Black Bun. Originally Twelfth Night Cake. It is a very rich fruit cake, almost solid with fruit, almonds, spices and the ingredients are bound together with plenty of Whisky. The stiff mixture is put into a cake tin lined with a rich short pastry and baked.

This takes the place of the even more ancient Sun Cakes. A legacy from Scotland's close associations with Scandinavia. Sun cakes were baked with a hole in the centre and symmetrical lines around, representing the rays of the Sun. This pattern is now found on the modern Scottish Shortbread, and has been misidentified as convenient slices marked onto the shortbread!
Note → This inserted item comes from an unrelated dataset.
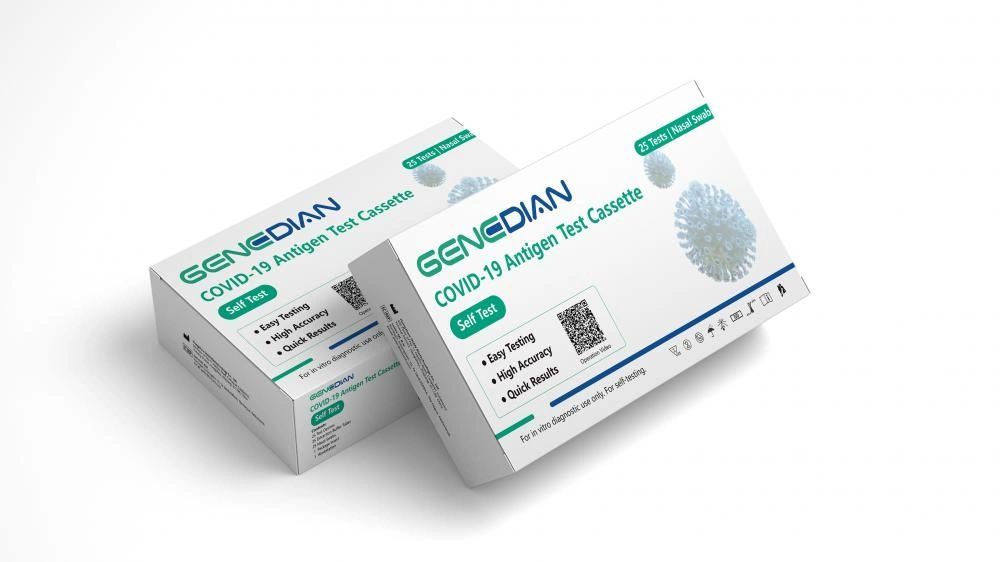A box of covid-19 rapid antigen test with a test kit.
Bees leave hives Xmas Morn.
There is an old belief that early on Christmas Morning all bees will leave their hives, swarm, and then return. Many old Scots tell tales of having witnessed this happening, though no-one can explain why. One explanation is that bees get curious about their surroundings, and if there is unexpected activity they will want to check it out to see if there is any danger. As people were often up and about on Christmas night observing various traditions, or just returning from the night services, the bees would sense the disturbance and come out to see what was going on.

Divination customs - Ashes, Bull, Cailleach
There are a number of ancient divination customs associated with Scottish Christmas tradition. One involves checking the cold ashes the morning after the Christmas fire. A foot shape facing the door was said to be foretelling a death in the family, while a foot facing into the room meant a new arrival. Another was the ceremonial burning of Old Winter, the Cailleach. A piece of wood was carved roughly to represent the face of an old woman, then named as the Spirit of Winter, the Cailleach. This was placed onto a good fire to burn away, and all the family gathered had to watch to the end. The burning symbolised the ending of all the bad luck and enmities etc of the old year, with a fresh start.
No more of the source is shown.